Each school year is a new beginning that involves so many changes that it is inevitably a challenge for every child. There are, indeed, a number of ways parents can help preschoolers prepare for a new teacher. As always, we like to think about the meaning of a situation to a child - in this case, the challenge of starting a new class.

Every situation is mixed: Children (and others) long for perfection: parents who know and do exactly what they want, days that go just right, friends who know precisely how to play in the ways that they wish. Of course, this yearning extends to the classroom. A child longs for teachers who do not ask too much, are always understanding and never lose their cool; assignments that are neither boring nor intimidating; and classmates who are just right.

Beginning a new school year is an opportunity to help a child understand that the new classroom is good enough, if not everything that he wishes it would be. Sometimes, children's difficulty accepting "good enough" is part of their difficulty beginning a school year.

If parents find this to be the case for their child, we recommend that parents convey their understanding and acceptance of his dissatisfactions, such as how he or she misses the way things were done in his or her classroom last year or that the new teacher is stricter than his or her beloved previous teacher. But we also recommend that parents mostly emphasize that the glass is at least half full, too, and that their son or daughter has a role in just how full the glass will be. For example, parents can confidently emphasize that their child will be able to learn and enjoy the new routines, and that he or she will find many things that to like about the new teacher even if she is stricter than he or she might wish.

Every separation is new: Children, and adults, rely on familiarity and routines to feel grounded and secure. We are less lonely and more grounded when doing things that are familiar with familiar people in familiar places. Times of change and transition bring about feelings of loneliness and uneasiness, often felt as anxiety.

Separation anxiety is not something that is felt only in the first few years, nor is it something that is pathological. We feel this anxiety at various points of change or loss. During these times, it is important to be able to dig deep inside and find a self-reliance that can carry oneself through the transition.

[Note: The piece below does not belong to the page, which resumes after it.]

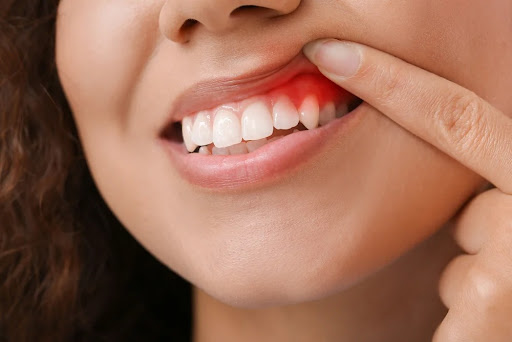 Gum Treatment is focused on maintaining healthy gums and addressing problems such as redness, swe… post image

Some children can find that extra self-reliance fairly readily, and others need assistance. Some children seem to need a little more help with these times of change than might some other children. We would expect that such children would respond with a greater need for assistance at other common times of separation that may occur during childhood, such as house moves, loss of grandparents, a good friend moving away or a parent gone for an extended period on a business trip.

Preparation is key: The most important way to provide extra help with the upcoming challenge is to assist children with preparation. Children, like adults, are more successful when they anticipate and plan for what lies ahead. For example, we may visualize a scene, organize a task, quickly imagine a possible interaction or gather in our emotions. This process is so familiar and automatic that we usually don't think twice about it.

The single most important way to prepare for a change is to talk. It is possible that a child will want to avoid thinking about his upcoming year. And although this is understandable - he or she will confront his nervousness about the upcoming year and the sadness about no longer having the prior class - avoidance will not serve a child well. Parents should find ways to bring up the next year, talk about what they do know, and help their son or daughter wonder about what he or she does not know. It may help to remind the child of ways that he or she has solved situation in the past that may have been worrying, such as how he or she made new friends last year.

On the other hand, parents have a different task with children who manage their anxiety with repetitiveness rather than avoidance. After hearing his or her concerns 3, 5 or 10 times, parents should tell their son or daughter that it is not helpful to just worry. It is more helpful to think about what he or she will do about these worries. Even if this is difficult for the child to do with his or her parent, it is worth persevering. The key here is to turn passivity - either expressed through avoidance or through the helplessness of worries that loop - into an active, solution-focused orientation. Activity, and the confidence that it brings, is the best antidote to anxiety.

There are other kinds of preparation that might help. Visiting the school would be useful, especially if there is a change of schools.  Meeting the teacher before class begins is often a great assistance. Planning a trip to get the supplies for beginning the year might help. It is always a good idea to involve the child as much as possible in this activity.

Because the relationship with his or her teacher will be so important in helping a child become grounded in the classroom, parents might ask their son or daughter what they would like the new teacher to know about him or her. Parents could tell the teacher about this on the first day (if possible) or, even better, encourage their child to tell their teacher.

There are many other ways to prepare for the coming school year. Parents should use their imagination and knowledge of what is important to their child.

Starting a new school year brings excitement and anxiety for a child. Ever child will benefit from a blend of their parents' understanding, assistance and expectations. When parents keep that hand to a reticent child's back and remember that the development of emotional strength, what we call mental muscles, requires repetition and some heavy lifting, their child will be better for having met the challenge.